He wraps his gear belt -- which holds pepper spray, handcuffs, his .40-caliber Glock handgun, a Taser, two ammunition magazines and a Kenwood portable radio -- around his waist.
He fastens his black, plastic watch around his left wrist and he sits on the bed one last time to lace up his black leather uniform boots.
The glint from the sun hitting his wedding band momentarily catches his eye.
Amy Phillips met Jason Ellis on Valentine’s Day, 2001 at a get-together at a mutual friend’s home while they were both college students.

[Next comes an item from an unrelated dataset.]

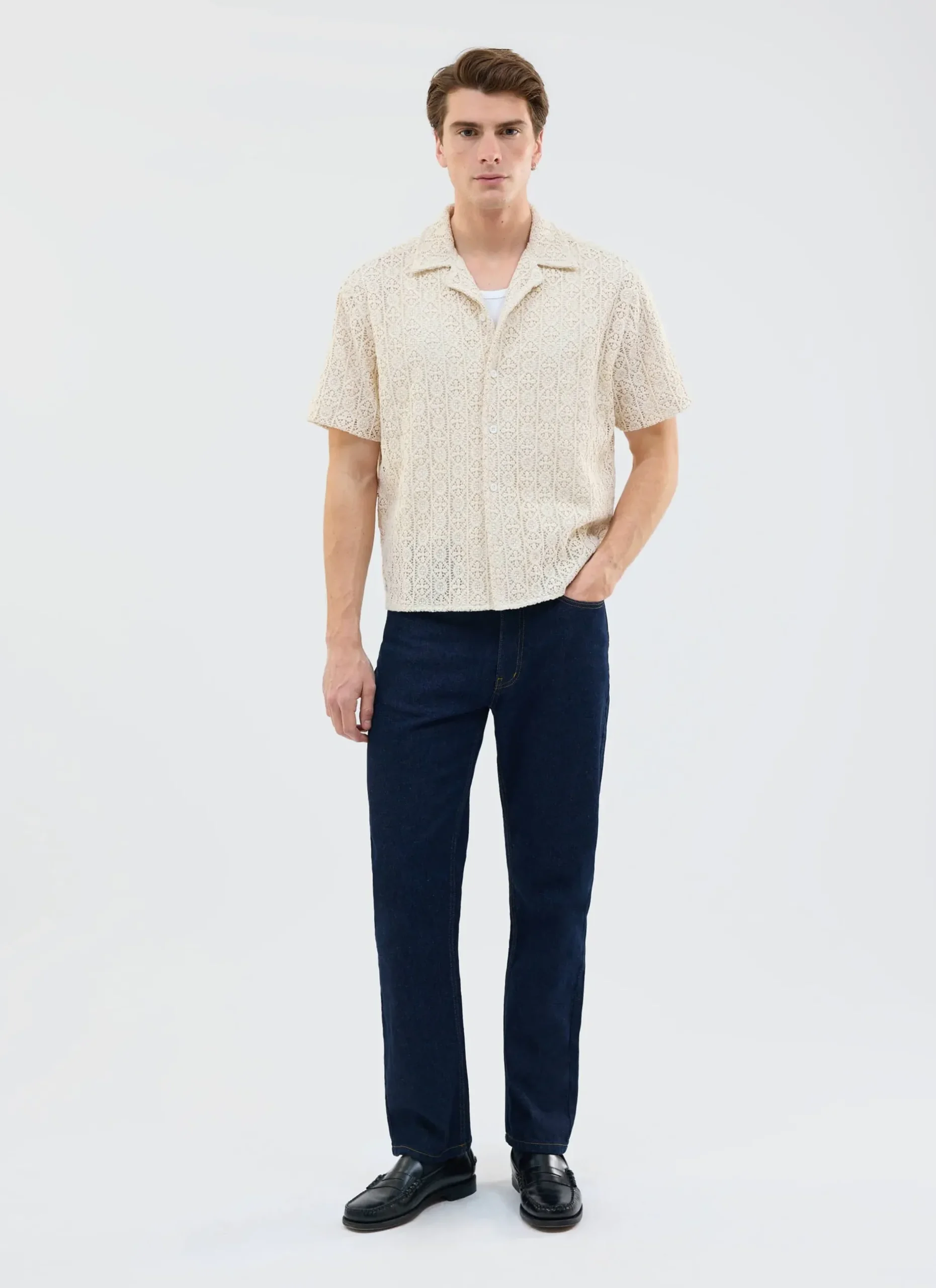 Percival Short Sleeve Shirts|Knitted Shirts^Elio Crochet Cuban Shirt Ecru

He got her number from her best friend and they made a date for a week later. But unknowingly Amy’s mother popped into town to take her to dinner. Instead of canceling the date, Jason brought two bouquets of flowers with him to the door – one for her and one for her mom. The three went on the date.

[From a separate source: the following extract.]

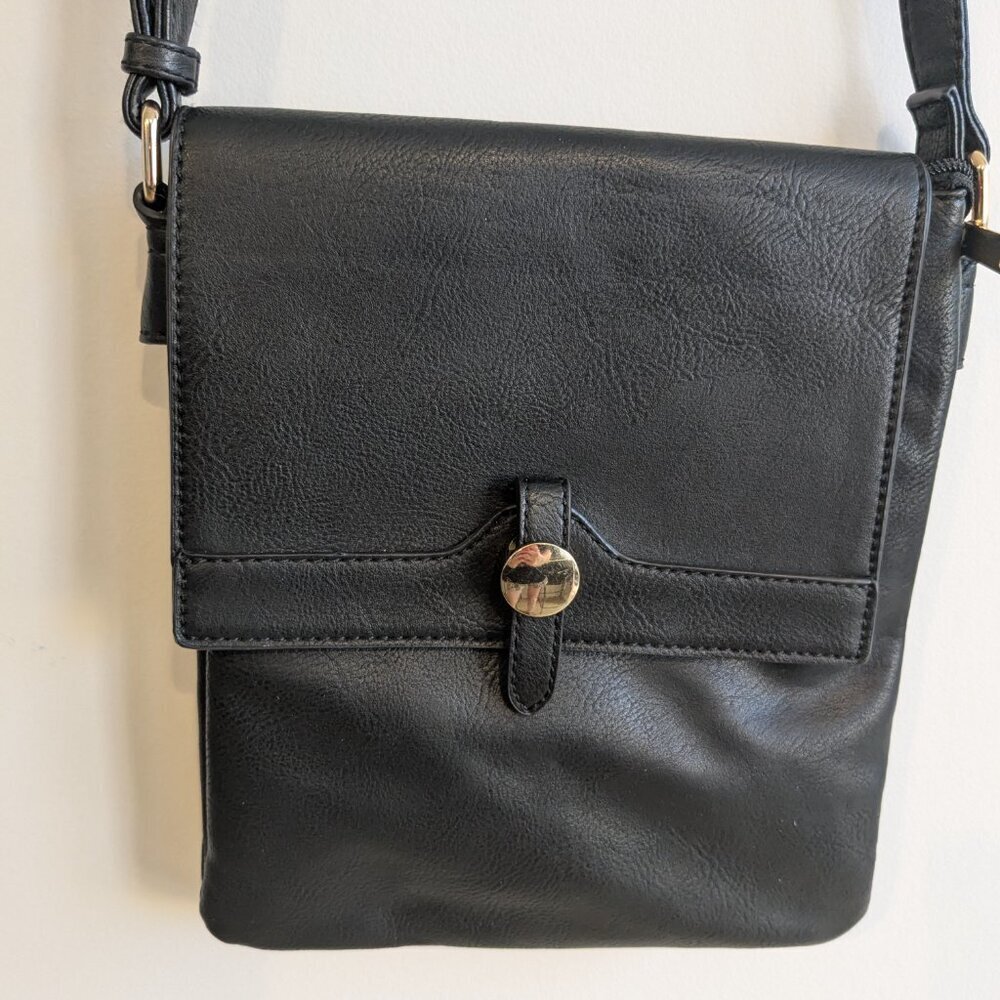 Vintage black leather crossbody bag - Picture 2 of 5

She said she knew after that date, during which her mom peppered him with questions, that Jason was the one for her.
“Everything I wanted and prayed for, that was Jason … an amazing, amazing person,’’ she said.
They quickly became inseparable.
While celebrating Christmas in 2002, Jason coaxed Amy out to her family’s barn to give her his gift. She was sure he had gotten her what she been begging him for: A puppy.
But instead, when the two got out to the barn, Jason dropped to one knee and pulled out a cathedral-cut diamond solitaire from his pocket.
“It was just magical,’’ she said.
They married in October 2004 at St. John United Church of Christ in Louisville, Ky.
With “Pachelbel's Canon in D Major” playing, she prepared to walk down the aisle, to become his wife.
“When the doors opened,” she said, “I only saw him smiling.”
After grabbing a quick snack through a fast-food drive-thru restaurant, Amy and the boys make their way home from a fun, productive day at school.
As she’s driving the familiar back roads approaching home, she takes a call from Hunter’s nurse. Jason calls and beeps into the phone call several times, but she doesn’t interrupt her conversation by clicking over to accept his incoming call.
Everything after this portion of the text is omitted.